How do you think about creativity in your research, especially in relation to machines? Can machines be creative?
This question is hard to answer without being more specific about what kind of creativity you’re talking about. There are a lot of cultural aspects to how communities judge creativity. With computer-generated art, models are capable of producing things that seem creative but I tend to think they're not capable of discerning which of their outputs are creative. The ability to judge or filter is key. You could imagine the computer writing a hundred short stories. Can the computer pick the three that are worth sending to the literary magazine? Or the one that is award-winning?3
Reading Recs
A computational poem you’ve written?
WHALEFALL. I think this poem does a good job of using computation to give the reader a new experience of a poem, but it is based on a poem that I originally wrote by hand.

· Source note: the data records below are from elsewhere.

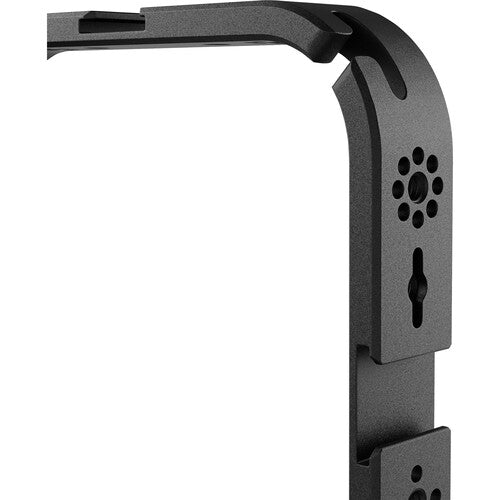 RODE Phone Cage |  RODE |  STAND & MOUNT |  Zoso Music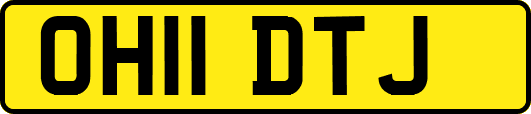 OH11DTJ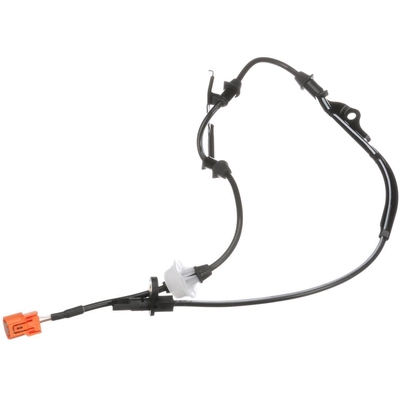 BWD AUTOMOTIVE - ABS1202 - ABS Wheel Speed Sensor pa1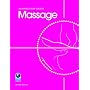 An Introductory Guide to Massage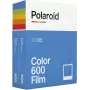 Polaroid filme 600 Color 16 imagens 2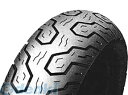 _bv DUNLOP 230545 K555F 120^80|17 MC 61S TL tg 80-17M _bv^CK555F120 `[uX^Cv ėp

Other computational poetry?
Travesty Generator by Lillian-Yvonne Bertram and Articulations by Allison Parrish.
Conventional poetry?
Deaf Republic by Ilya Kaminsky. That's the book that I suggest people read if they don't really read poetry. Everyone always likes it. I think he is a genius.
Writing on computation and the creative practice?

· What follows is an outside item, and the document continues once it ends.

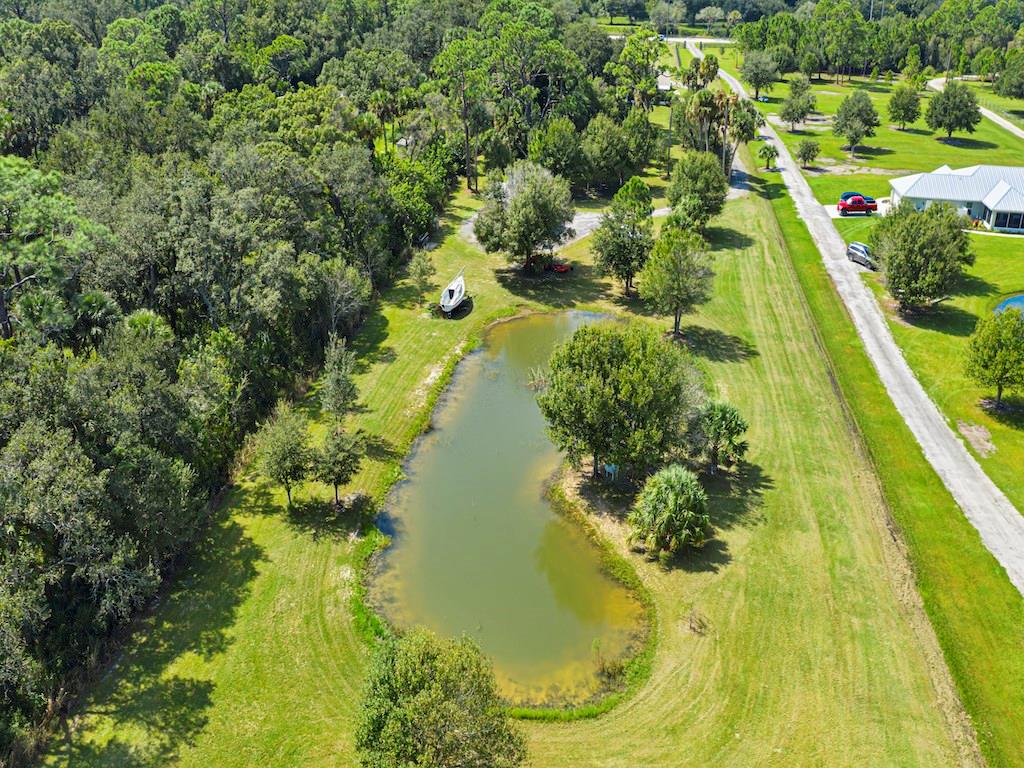 3600 Seminole Road Fort Pierce, FL 34951 - Photo 34 of 35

Allison Parrish’s “Language models can only write poetry.” Also, Aaron Hertzman’s “Can Computers Create Art?” is a great essay about how computation changes art. He really situates it in a history of photography and the moving picture.
For more of Katy’s work, check out her research on an exploratory user study of how novelists use generative language models, building a stylistic machine-generated thesaurus for writers, and creating an interactive system for metaphor generation. Also, read her poetry which can be found on her website. Katy is currently transitioning from her time as a Ph.D. student at Columbia to postgraduate research at Harvard. You can follow her journey on Twitter, Mastodon, or her personal site.

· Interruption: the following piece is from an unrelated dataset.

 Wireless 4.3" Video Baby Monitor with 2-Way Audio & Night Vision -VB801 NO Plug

Embeddings is an interview series exploring how generative AI is changing the way we create and consume culture. In conversation with AI researchers, media theorists, social scientists, poets, and painters, we’re investigating the long-term impacts of this technology.
Author’s Note: With beam search, instead of choosing only the most probable word, the algorithm considers the top N most probable words as candidates. By keeping track of multiple candidate sequences at each step, the algorithm is able to explore a broader range of possible sequences, which increases the likelihood of finding the most probable sequence. (Written in collaboration with ChatGPT).
Footnote from Katy: Alternatively, models might sample from the probability distribution. In this case, the output is not deterministic, but stochastic. You can get a slightly different output each time. Although OpenAI has not publicly stated which decoding method ChatGPT is using (at least, as far as I know,) it seems they are using a stochastic method, given that you can ask ChatGPT to regenerate its response and get something different. Also, Scott Aaronson's description of his idea for watermarking GPT outputs, which he came up with when working at OpenAI, suggests sampling is being used.
Footnote from Katy: “Award-winning” is itself a cultural and contextual notion. A study of literary prizes found that writers “with an elite degree (Ivy League, Stanford, University of Chicago) are nine times more likely to win than those without one. And more specifically, those who attended Harvard are 17 times more likely to win.” They found that half of the prize-winners with an MFA “went to just four schools: [University of] Iowa, Columbia, NYU, or UC Irvine.” Iowa has special clout: its alumni “are 49 times more likely to win compared to writers who earned their MFA at any other program since 2000.”